High School Students Learn from Masters at Newport Jazz Workshops
At the recent Berklee Global Jazz Institute Workshop at the Newport Jazz Festival, 40 high school student jazz musicians spent a week honing their craft with some of Berklee’s most talented faculty and newly minted recipients of Berklee’s contemporary music (global jazz concentration) master’s degree. The students selected for the intensive program ate, slept, and breathed jazz for five days. All of them were accepted into the program on a full scholarship from Newport Jazz Festival founder (and Newport Folk Festival co-founder) George Wein via the Newport Festivals Foundation and the Joyce and George Wein Foundation, with additional support coming from the Mary Hailer Scholarship Fund, established by John and Maureen Hailer.
“There are so many young people in the world who want to play jazz, so this was a natural fit and I am very grateful for what Berklee has done,” Wein says. “I hope the program continues for many years.”
Indeed, many of the young people who participated in the program described it—from the classroom to the stage of Newport—as a life-changing experience.
In the Classrooms
Located on the campus of Salve Regina University, not far from the Newport Jazz Festival, the classrooms of the Berklee Global Jazz Institute Workshop were teeming with music. In one classroom, Grammy-winning pianist and composer Danilo Pérez '88, the world-renowned artistic director of the Berklee Global Jazz Institute, advised a student pianist to “let the song tell you what to do.”
Meanwhile, next door, another virtuoso, Grammy-winning bassist and Berklee artist in residence John Patitucci, encouraged his young bass students to explore music history and particularly the African cultural influence on jazz. Down the hallway, Yoron Israel, assistant chair of Berklee’s Percussion Department, instructed his student percussionists to sing the melody to “When the Saints Go Marching In” as they played, noting that the melody would inspire new elements in their drumming.
Above all of this, on the second floor, veteran jazzman George Garzone, a Woodwinds Department professor at Berklee, peppered constructive criticism with personal anecdotes. “Growing up in an Italian family, I learned that the criticism was all because they wanted me to be better,” he told his students. A few doors down, Tim Miller, guitar professor at Berklee, helped a student guitarist that was struggling with a particularly difficult passage, suggesting, “Grab some triads that will help you get through that tough moment.” A few blocks away, Berklee Voice Professor Donna McElroy wrapped up her vocal ensemble’s practice with hugs.
Passing the Torch
The workshop was not merely a chance to learn from musical heroes such as those above—and others such as Grammy-winning percussionist Terri Lyne Carrington '83 '03H and Marco Pignataro—however; it was also a chance to put that learning into action, and the next generation of Berklee-trained musicians rose to the challenge. In addition to BGJI pianist Witness Matlou ’15 ‘16G, who handled the workshop’s logistics, Berklee Global Jazz Ambassadors Edmar Colón ‘15 ‘16G, Seung-Ho Jang ’14 ‘16G, Mao Soné ’15 ‘16G, Anthony Fung ‘15 ’16G, and Isaac Wilson '16G, each a member of the inaugural graduating class of Berklee's Master of Music in contemporary performance (global jazz concentration) program, led student ensembles in in-depth practice sessions that culminated in outstanding performances on the workshop’s final night.

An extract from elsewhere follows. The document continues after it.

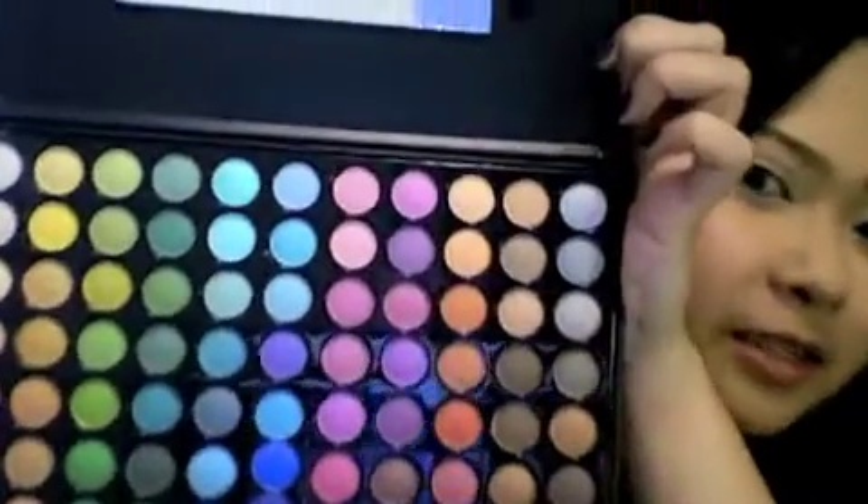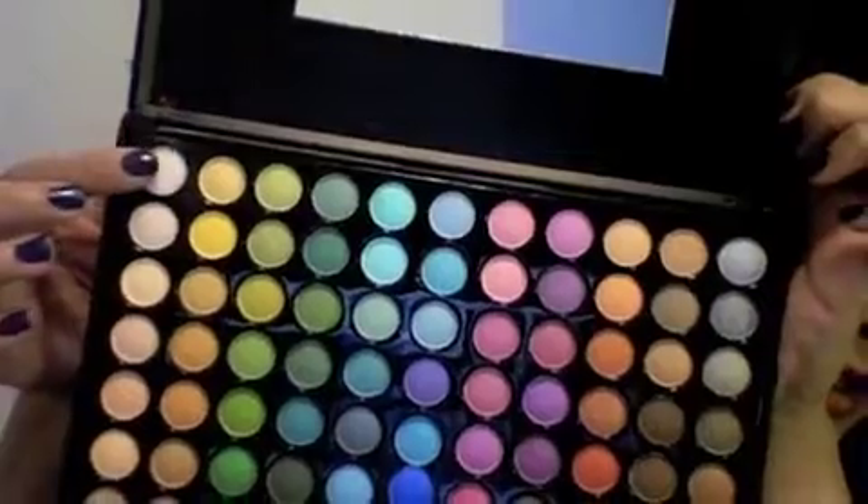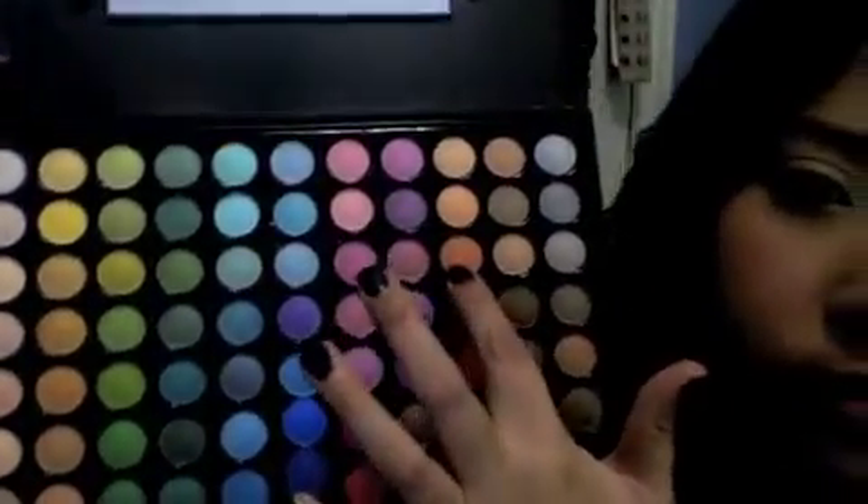Using my Coastal Sense 88 color eye shadow palette along with an eye shadow brush, I'm going to take a matte white eye shadow and apply this all over my lid. Then, using the same brush, I'm going to take one of the lighter orange pigments in the palette and lightly apply this on my lids just below the crease.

Soné says that he and Colón have been friends since they first met as high school students at a workshop Carrington led in 2008, and he is excited about facilitating similar connections among the workshop’s young students. “I really want them to love this music,” Soné says, “but also to make friends with really high-level musicality” that they will collaborate with in the future.
“The faculty has passed to us what was passed to them by masters like Wayne Shorter, Herbie Hancock, Chick Corea, and many others,” Colón says. “It’s almost like an umbilical cord to the music and to the culture, so we want to pass to these students what has been passed to us, which, in the case of the Berklee Global Jazz Institute, is not just music, but how, with music, we can become better human beings for the society of today.”
An Education Beyond Music
That message was not lost on Eden Eskaros, a pianist going into her junior year, who says she’s interested in attending Berklee for college. “I liked how they were teaching us how a musician isn’t just the music they play. It’s who you are as a person,” Eskaros says.
For many students, such as high school bassist Colson Jimenez, the experience was almost overwhelming. Jimenez says he has been listening to John Patitucci, whom he describes as “a giant,” for years, so “the idea of studying with him is just absolutely insane.”
Austin Zhang, a saxophonist whose father, also a saxophonist, looked on with pride as he performed, summed up the gratitude that many of his peers expressed: “I’m just feeling really thankful that we can come together from all over the country and world,” Zhang says. “It’s been a really beautiful thing to make music together.”
As the workshops concluded, the students made more of that beautiful music on stage at the Newport Jazz Festival, a thrilling capstone to this fulfilling week.